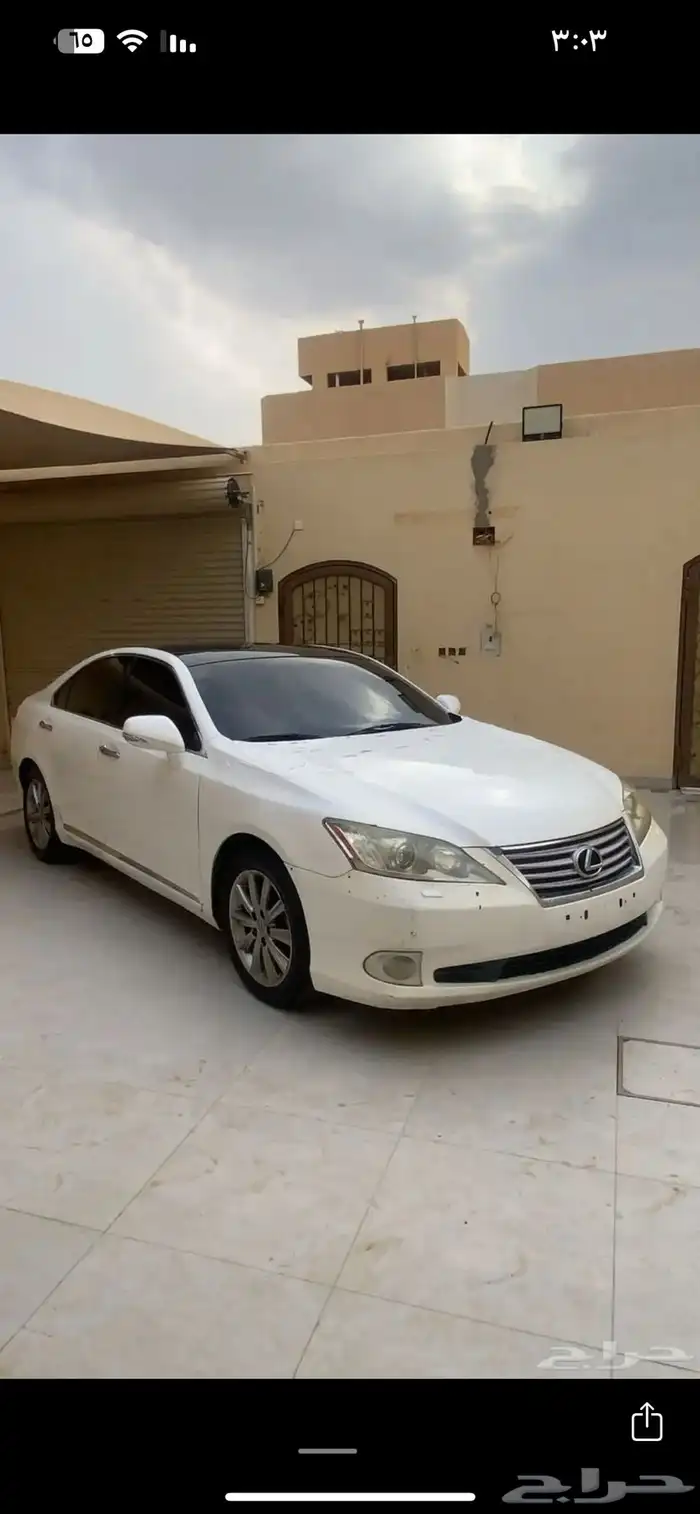 لكزس 2011 0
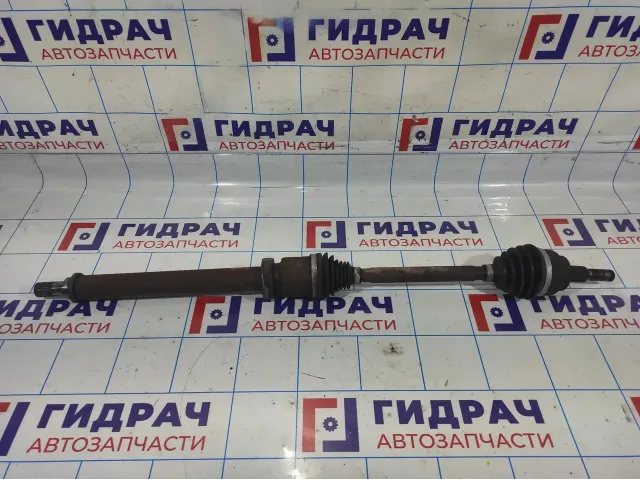 Привод передний правый Ford Focus 3 1758155.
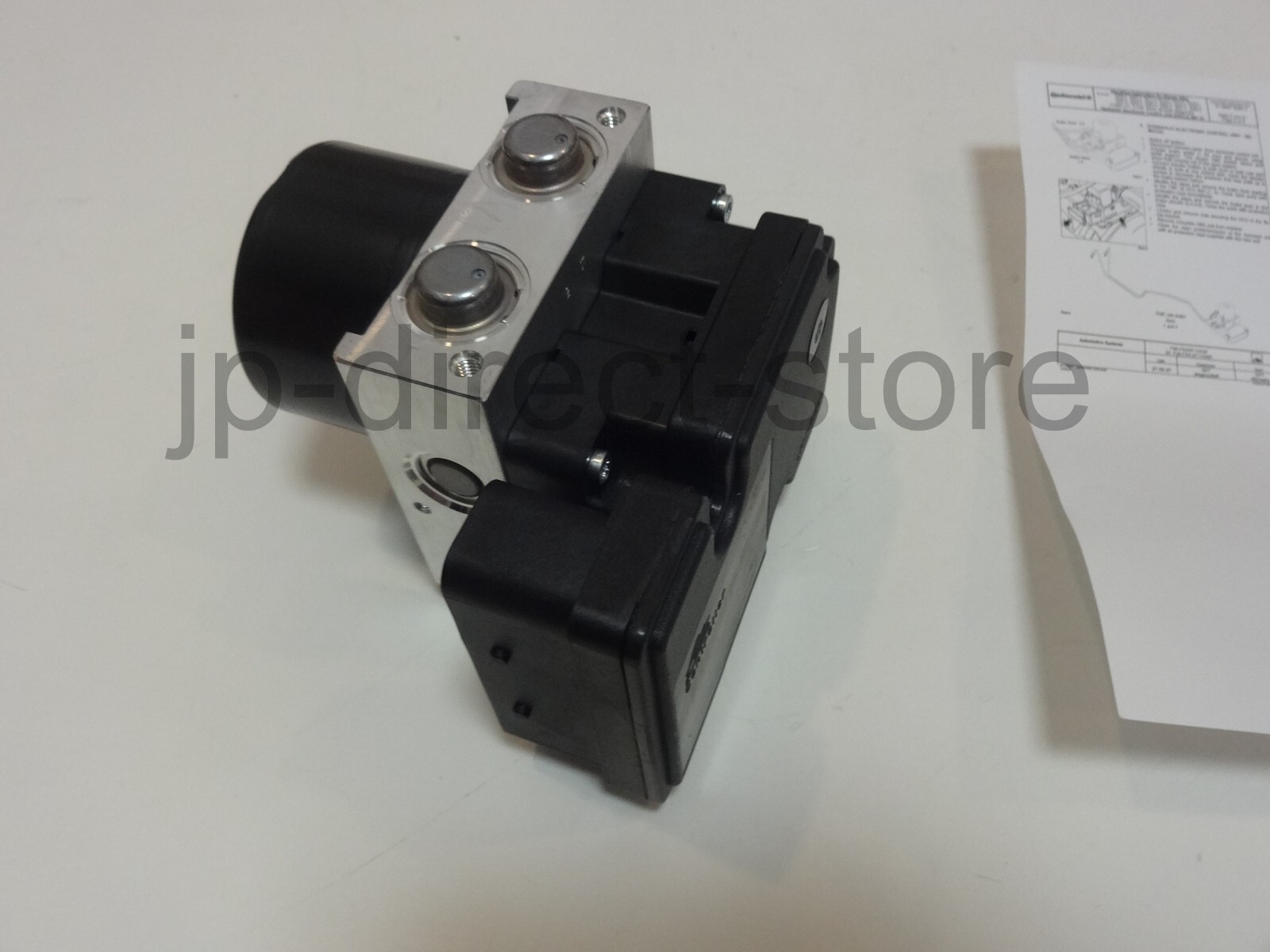 Genuine Mazda ABS Hydraulic Unit BVSN-43-7AZD OEM | Front | 1 ...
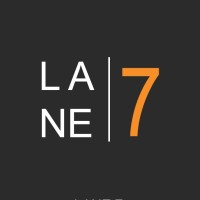 Lane 7 logo - Similar company to Gia Design Studio
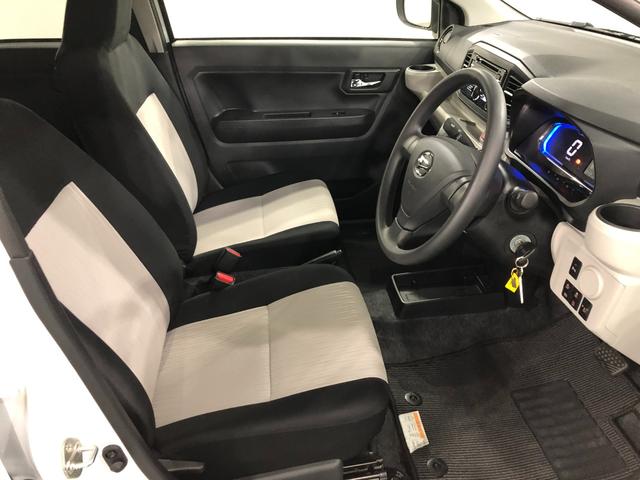 ミライースＸ　ＳＡIII　走行５４６０キロ／ＬＥＤヘッドランプ／マット１年保証距離無制限　走行距離５４６０キロ　純正マット　クリアランスソナー　オートライト　ＬＥＤヘッドランプ　アイドリングストップ　スマートアシスト３　キーレスエントリー（埼玉県）の中古車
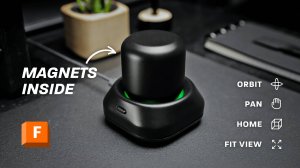 3D манипулятор своими руками.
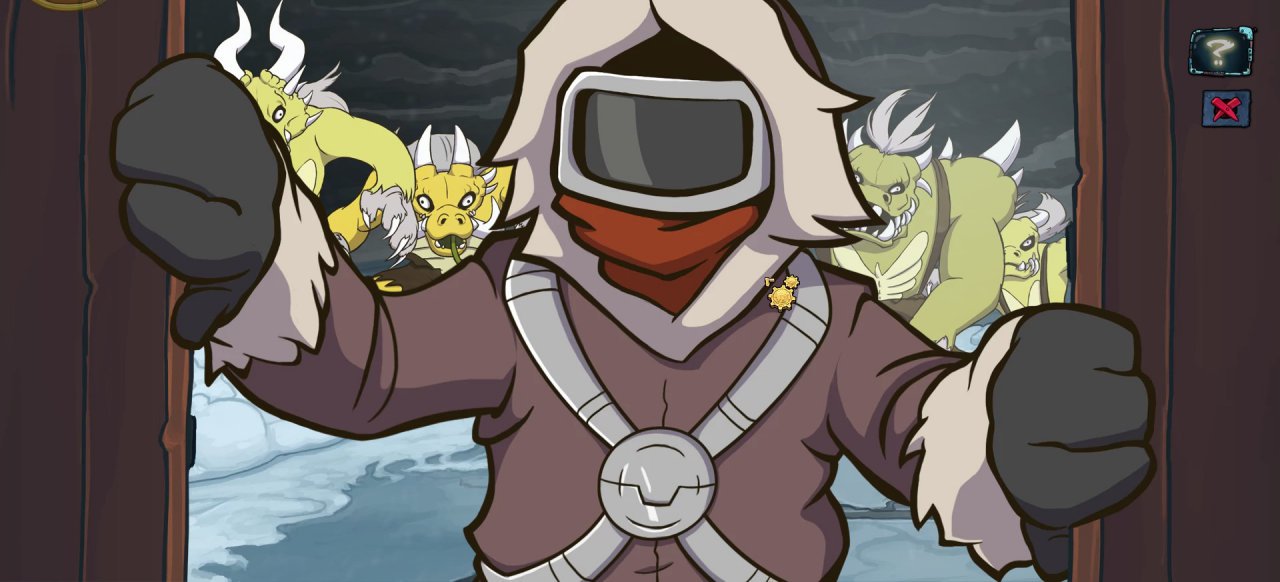 Deponia Doomsday (Adventure) von Daedalic Entertainment Deponia Doomsday (Adventure) von Daedalic Entertainment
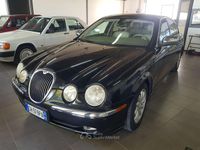 Usata Jaguar S-Type Executive 238 CV (175 kW) 2003 Nero Berlina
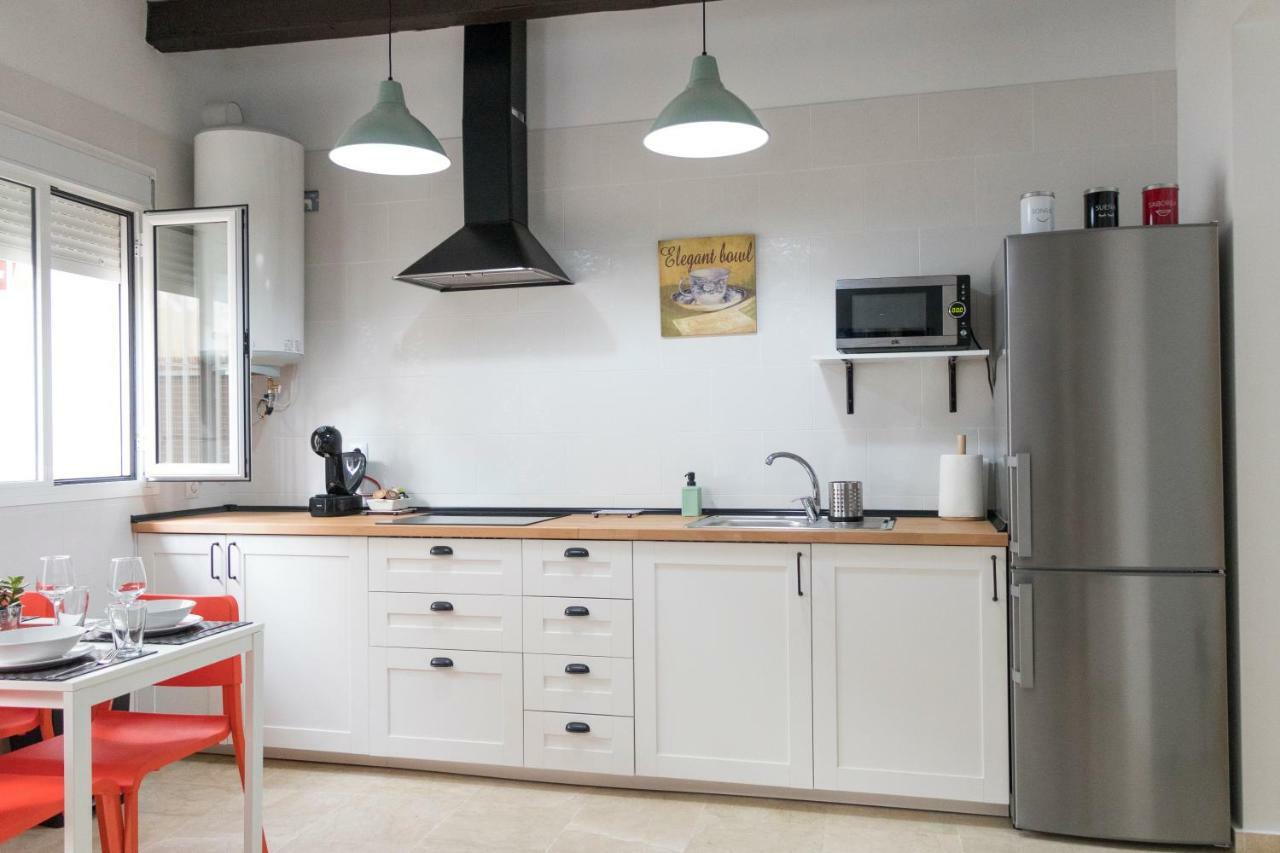 Apartamento Palo Cortao Jerez de la Frontera Exterior foto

········

Only the text of the listing above is wanted, transcribed exactly, without its images.

 لكزس 2011 0
 Привод передний правый Ford Focus 3 1758155.
 Genuine Mazda ABS Hydraulic Unit BVSN-43-7AZD OEM | Front | 1 ...
 Lane 7 logo - Similar company to Gia Design Studio
 ミライースＸ　ＳＡIII　走行５４６０キロ／ＬＥＤヘッドランプ／マット１年保証距離無制限　走行距離５４６０キロ　純正マット　クリアランスソナー　オートライト　ＬＥＤヘッドランプ　アイドリングストップ　スマートアシスト３　キーレスエントリー（埼玉県）の中古車
 3D манипулятор своими руками.
 Deponia Doomsday (Adventure) von Daedalic Entertainment Deponia Doomsday (Adventure) von Daedalic Entertainment
 Usata Jaguar S-Type Executive 238 CV (175 kW) 2003 Nero Berlina
 Apartamento Palo Cortao Jerez de la Frontera Exterior foto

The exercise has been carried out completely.